United Kingdom-based environmental services firm Viridor has announced a partnership arrangement with three U.K.-based retailers – Marks & Spencer, Tesco and Sainsbury’s – and food packaging manufacturer Faerch Plast to put recycled black plastic into new food-contact-grade packaging. The project, expected to begin in July 2018, will ideally result in 120 metric tons of black plastic scrap being consumed by Faerch Plast.
According to Viridor, the volume of material collected for recycling is expected to increase over the next 18 months. The material will be shipped to Viridor’s plastics recycling facility in Rochester, U.K.
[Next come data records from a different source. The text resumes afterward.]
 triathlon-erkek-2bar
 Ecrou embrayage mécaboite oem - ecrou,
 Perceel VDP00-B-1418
U.K. Environment Secretary Michael Gove says, “This global leading scheme has the potential to mean the U.K. exports less of its [scrap], could divert huge amounts of plastic away from landfill and prevent virgin plastic from entering the market in the first place.”
Paul Ringham, Viridor commercial director, says the collaboration is evidence of the goals of the U.K. Plastics Pact – of which the company was a founding signatory – being put into action to enact changes for which the public has been calling.
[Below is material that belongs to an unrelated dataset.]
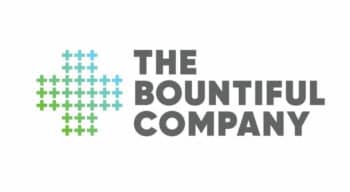 Nestlé acquiert les principales marques de The Bountiful Company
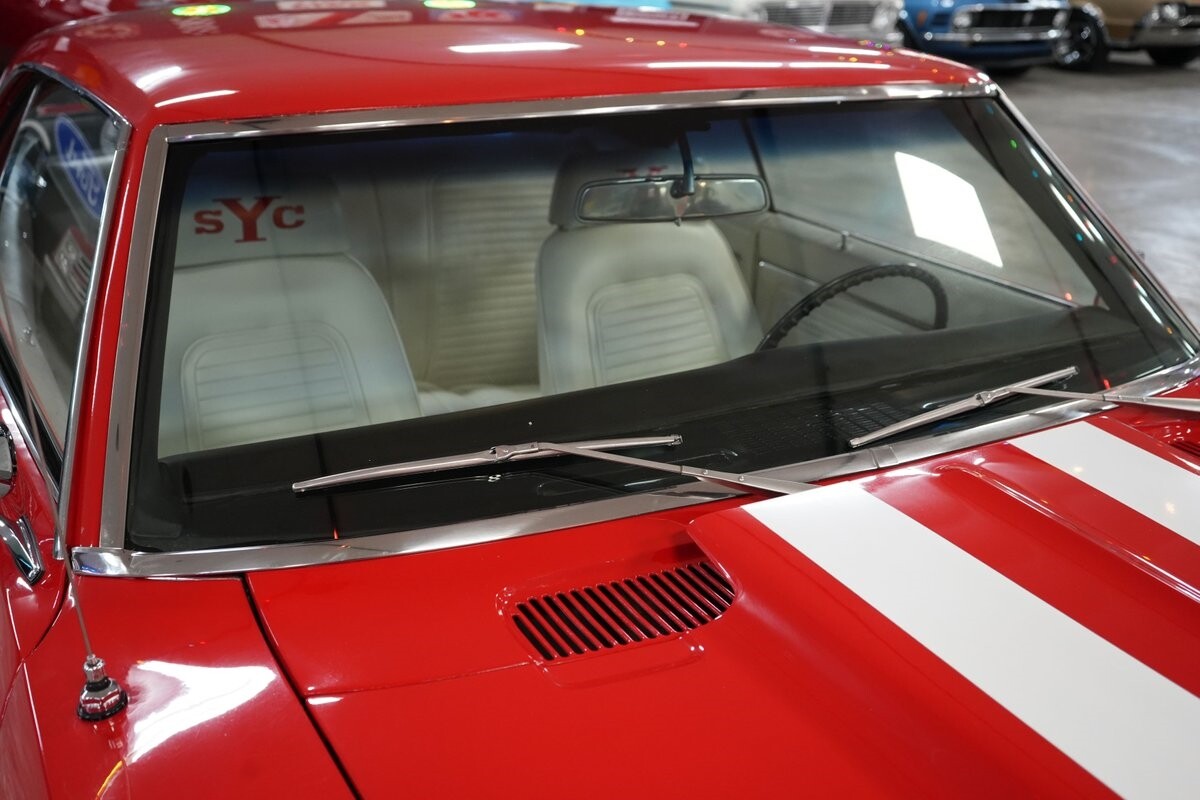 Chevrolet-Camaro-Yenko-Style-1969-Coupe-33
“The project team, working together since January, has proven that black plastic from household mixed recycling can be recycled into high-quality mixed colored ‘jazz’ flakes to create food grade packaging,” says Ringham.
“The breakthrough took place at two Viridor facilities: the plastics recycling facility at Rochester, which is one of the most advanced optical sorting facilities in the U.K., and the company’s polymers reprocessing plant at Skelmersdale in Lancashire (England), which takes recycled plastic and creates flakes and pellets to be used in the manufacturing process," he adds.
Beginning in July, Viridor will begin putting black plastics through the new process, adding black plastic to the colored plastic stream already recycled, and it will be used in new packaging for M&S, Sainsbury’s and Tesco products.
Ringham says the key to the success of the project will be the collaboration across the supply chain, with the retailers creating the sustained demand for the recycled material and what he calls innovative packaging provided by Faerch Plast.
“The more plastic collected, the more is made available to be recycled and put back into the circular economy. In this way, we all contribute to reducing the amount of virgin plastic entering the economy,” Ringham concludes.